B (00:17:19): Depends on the city. In Honolulu, all the citation revenue gets eaten up with the operating costs of PROCESSING them. In places where there's an actual profit, it gets used to fund other programs NEVER the Department itself (which actually DOES make a little bit of sense becuase it would be a conflict of interests, in a way, if we made money off of how many tickets we write, you know?)

Me (00:17:42): I can understand that.
Me (00:18:40): The point I was making is that I have nothing to do with the arts anymore.
Me (00:18:53): My boss doesn't either, he has a degree in business.

B (00:19:00): But the point I'm making is this, you're asking me to agree that we should be giving government money, which COULD be used to buy things like matchgrade ammo or, better yet, BODY ARMOR that MIGHT actually stop some of the rounds that the scumbags are loading into their guns, to a theater, just because they can't support themselves on their own. I don't deny that it's a shitty situation, but, art SHOULD pay for itself. Many, many art-based businesses do.
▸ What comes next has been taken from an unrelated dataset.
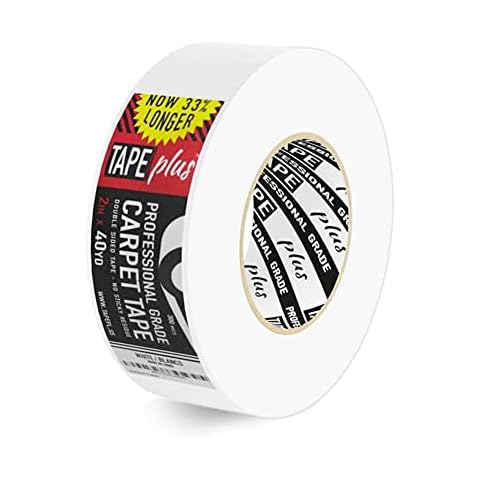 Professionelles Teppich-Klebeband, 5,1 cm x 40 m, 2 x mehr. - Doppelseitiges, rutschfestes Teppichband, hochwertiges weißes Finish, Perfekter Greifer zum Halten von Teppichen im Innenbereich Cover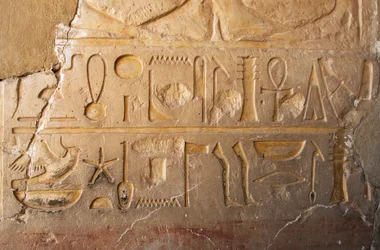 Egyptisk antikvitet: detalje af en inskription med patron og hieroglyffer, der repræsenterer langt liv og velstand. Tempel dedikeret til dronning Hatshepsut (Hatshepsut) (1479 f.Kr. - 1457 f.Kr.) Deir el Bahari, Egypten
Me (00:19:14): But I work in a place that's dependent on federal funding.

B (00:19:16): Things that have no way of making their own revenue, like police departments, deserve the money more.

Me (00:19:18): B -
Me (00:19:24): you may have missed some of what I wrote.
Me (00:19:33): Re;
Me (00:19:43): the part where I say "if it's as profitable as I estimate it could be

B (00:20:12): Oh, right, I do see that now.

Me (00:20:15): we could free up the grant money were going to give them for other things instead."

B (00:20:21): Okay, I missed part of that, so yes, that'd be a good idea.

Me (00:20:33): I AM asking the arts to pay for themselves.
Me (00:20:40): I'm just not going to be a dick about it like Congress usually is.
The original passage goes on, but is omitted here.